What kind of sadist would give a speeding ticket to a disheveled woman in tears?
After years of speeding with reckless abandon, a Florida Highway Patrol trooper took the wind out of my sails. Permanently.
By the time I finish paying a $165 speeding ticket and another $75 or so for traffic school, the little old ladies whose heads barely stick up over the steering wheel -- they have a fairly large representation here in the Sunshine State -- will fly by yelling, "Outta my way, sucka!"
Not that I'm entirely unfamiliar with the speeding ticket process. I got my first one within weeks of getting my driver's license.
It was the worst possible scenario. My grandmother was in the car, and we were cruising back from Cape Girardeau to my native Sikeston on Interstate 55. The wind blew through my hair, the radio was on and Grammy was by my side. Life was good.
There's no feeling quite like seeing flashing red and blue lights behind you when your grandmother is in the car. Ends up I was doing 65 mph instead of the legal 55 mph and scored a big ticket. I swore my grandmother to secrecy, deciding to pay it without a word to Mom and Dad.
Said parents were actually IN THE DOORWAY when I arrived home -- never a good sign. Seems my dad's co-worker was passing by on the interstate when I was having my unfortunate encounter with Missouri's finest. I'll never forgive that loudmouthed tattletale as long as I live.
You'd think the hour-long lecture on accidents, revoked licenses and insurance rates -- not necessarily in that order -- would have been enough to cool my heels for good. But it's wasn't.
The next ticket came in the line of duty. While on my way to interview a highway patrolman about the region's new drug-detecting dog, another highway patrolman nabbed me doing 10 mph over the speed limit. The dog handler, apparently listening to his scanner during the wait, was laughing his head off when I got there.
Last week's "I-fought-the-law-and-the-law won" experience was particularly painful because I wasn't tossing caution to the wind and flagrantly defying the speed limit in my haste to get somewhere. The Other Half was out of town on business for the week, and a tear of longing actually escaped my eyeball when I noticed the flashing lights in the rearview mirror.

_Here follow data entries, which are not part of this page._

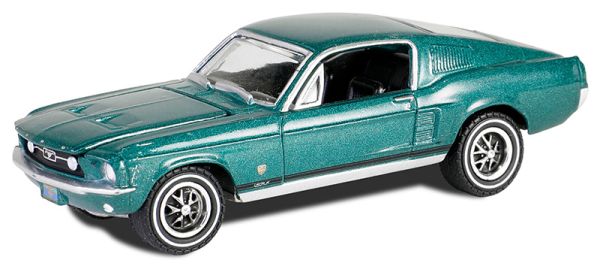 GREEN30505 - 1967 FORD Mustang GT Fastback green HIGH COUTRY SPECIAL in blister pack - 1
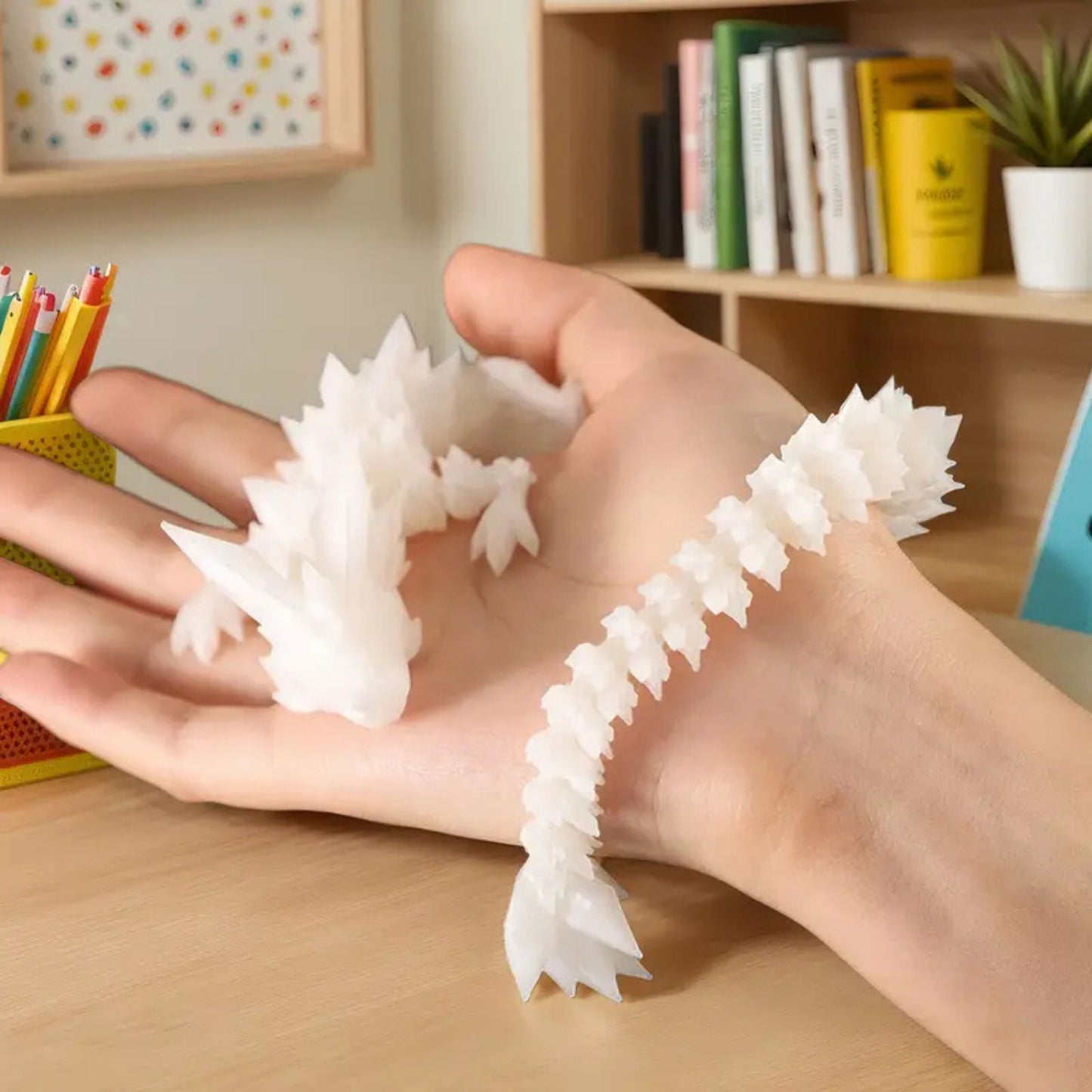 3D Printed Crystal Dragon Egg with Dragon Inside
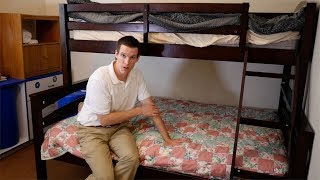 Dorel Living Brady Twin Over Full Bunk Bed) ~ HOW TO SET UP & REVIEW. INCREDIBLE price on AMAZON: ...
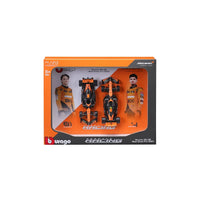Bburago 1:43 McLaren MCL38 Miami GP Vehicle (Set of 2)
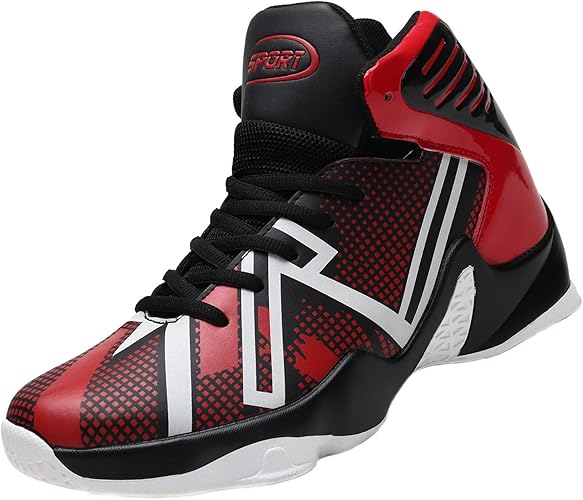 Amazon アッション バスケットシューズ ジュニア Basketball Shoesライトウエイト バスケットシューズ バッシュ ジュニア 滑り止め スポーツシューズ 耐久性のある スニーカー 快適で バスケットボール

By the time Mr. Patrolman reached the car, there was no saving me. I bawled like a baby. My man was out of town, and now I'd probably fall victim to police brutality of some sort.
When you're sitting there sweating in the Florida heat, your clothes rumpled because you were too depressed to iron, your mascara running down your cheeks and your hair collapsed thanks to the humidity, you're NOT going to use feminine wiles to get out of a ticket.
Ends up tears don't work either.
The good thing is that I can go to traffic school and not get any points on my license. Florida laws says the insurance companies can't cancel you for tickets if you go to the school.
So sometime in the next 90 days, I'll spend four hours listening to some shriveled instructor tell me how to read a sign that says "Speed Limit 55."
A REALLY helpful school would offer a class called, "How A Wonderbra Can Save You Big Bucks In Traffic Fines."
~Heidi Nieland is a former staff writer for the Southeast Missourian who now lives in Pensacola, Fla.